I hope all girls around the world can have this opportunity to go to school and follow their dreams.Hamida Ataie
Most migrants I know can readily recite their date of arrival to Australia.
The day, month, year and first impressions are recalled with no effort.
It is a major milestone and a chance for new beginnings, healing, renewal and hope.
Every April since 1982, my family celebrates our arrival to Tasmania. It's usually Dad who remembers the exact date. We reminisce as a family of life back home in the Philippines.
For us, these anniversaries are a time for remembering and honouring the life we once had and the loved ones left behind.
It is also a time to be thankful for the wonderful life and bright future that Australia has given us.
When I read the article (The Examiner June 5) of Josef Chromy celebrating his 70 years of arrival in Australia, I was (again) in admiration of his fight for survival, his settlement journey and the contributions he has made to the Tasmanian community.
Mr Chromy is a household name.
He is one of the greatest migrant stories in Tasmania and rightly so.
Mr Chromy's story also resonates with many of Tasmania's new arrivals.
As a settlement location for people arriving under Australia's Humanitarian Program, Launceston has welcomed many people from around the world who share common stories of fleeing and moving from country to country to find safety.
The largest number of recent refugees in Launceston are people from Bhutan, Burma, Eritrea, Ethiopia and Afghanistan.
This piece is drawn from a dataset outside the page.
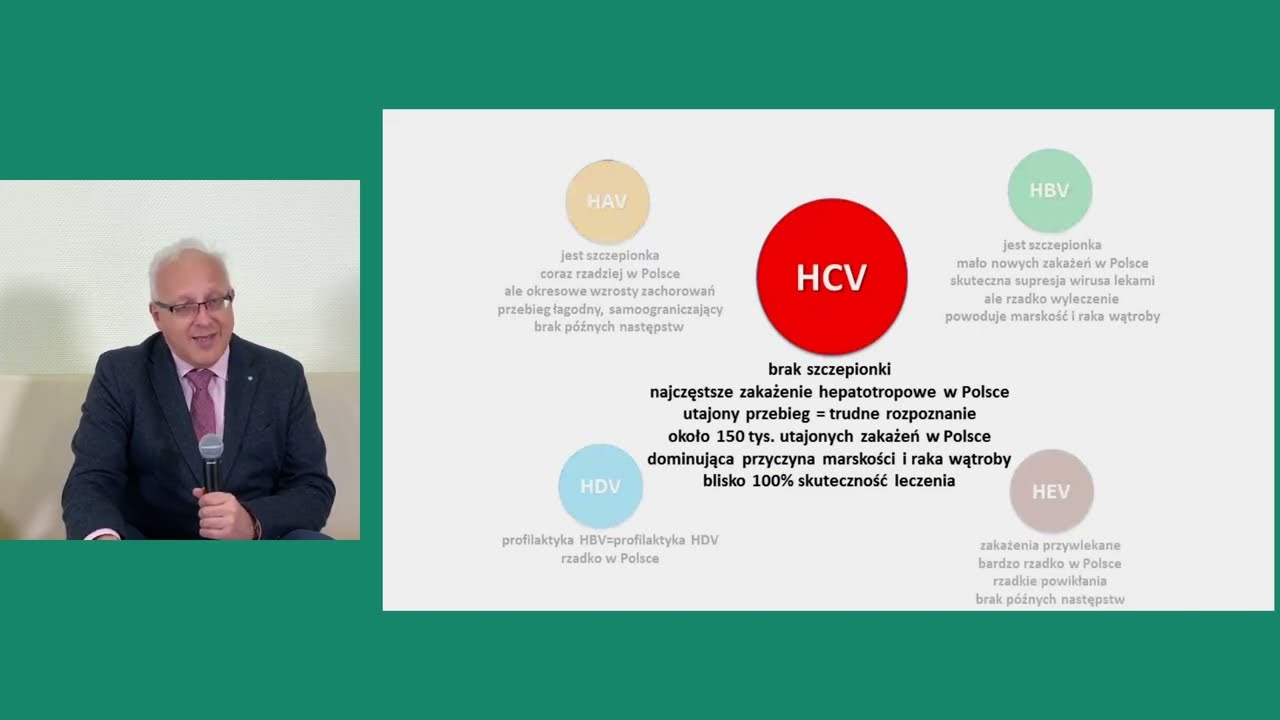 Wykrywanie i leczenie wirusowego zapalenia wątroby (HCV).Rekomendacje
Launceston was the first region in Australia to settle people from Bhutan in 2008 (another 'first' for the city).
We have asked two members of the community to share their stories.
Hamida Ataie, a Year 12 student at Newstead College
I was born in Afghanistan, a relatively small country compared to its bordering neighbours, Russia, China, India and Pakistan.
As the youngest sister in the family, I can understand what feels like being the smallest in your surroundings. On top of my early memory about war, fighting and destruction, my Mum used to tell me stories of how the war started when she was a child. Life was not possible any more, as Mum was saying that night and there is nothing we would lose by leaving our war-torn Afghanistan.
Pakistan was not a safe country for us, but the hope we had there kept us strong to manage our daily life struggle. I had to help my eldest sisters in making carpet to sale.
As a girl, going to school without being harassed is the second biggest achievement I had in my life "of course" after surviving the journey from Afghanistan to Australia.
I hope all girls around the world can have this opportunity to go to school and follow their dreams. My dream is to be a hairdresser.
Dilu Baalisampang spent 20 years living in a refugee camp
I left the country (Bhutan) in the night, in the moonlight along with my parents and seven siblings.
My mother carried my youngest brother and father carried some bags of clothes. We have no idea where our destination will end.
After walking three days on barefoot over the mountains, creeks and hills with a small amount of food finally we crossed the border of India. Then our parents were able to hire a truck to get to Nepal where we arrived in the UNCHR run camps in Nepal.
In the hope of repatriation and good future, we spent 20 years in a Bhutanese Refugee Camp run by UNCHR and Government of Nepal.
In 2007, UNCHR and Government of Nepal open the opportunity for voluntary resettlement program to Bhutanese Refugee.
In search of a good life, hope and freedom we chose to come to Australia. I arrived with my husband and three children in 2010.
Now we are citizens of this great nation, bought a house, my husband and son have secured jobs and my daughter is studying at the University of Tasmania.
I am very thankful to the Australian government and people, for giving us new life and opportunity.
The board, staff and volunteers at MRC Northern Tasmania are honoured to be a part of the resettlement program.
Every day serves as a reminder of the global refugee situation and how important it is for people arriving in Launceston to receive the best possible welcome and support.
Nobody becomes a refugee by choice but each of us can have a choice about how we help and how we treat others.
As a community, we can make coming-to-Australia anniversaries for people like Hamida, Dilu and other migrants, even more special.
- Ella Dixon, Migrant Resource Centre Northern Tasmania, chief executive.